■ PROVIDED MATERIAL ■
═══
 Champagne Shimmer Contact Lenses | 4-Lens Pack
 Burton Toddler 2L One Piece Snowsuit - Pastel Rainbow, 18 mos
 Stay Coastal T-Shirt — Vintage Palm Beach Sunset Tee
═══
■ WHAT TO DO ■
All lines from the one with "Burton Toddler 2L" through the end of the material above are to be printed exactly, and only those.

■ ANSWER SECTION ■
 Burton Toddler 2L One Piece Snowsuit - Pastel Rainbow, 18 mos
 Stay Coastal T-Shirt — Vintage Palm Beach Sunset Tee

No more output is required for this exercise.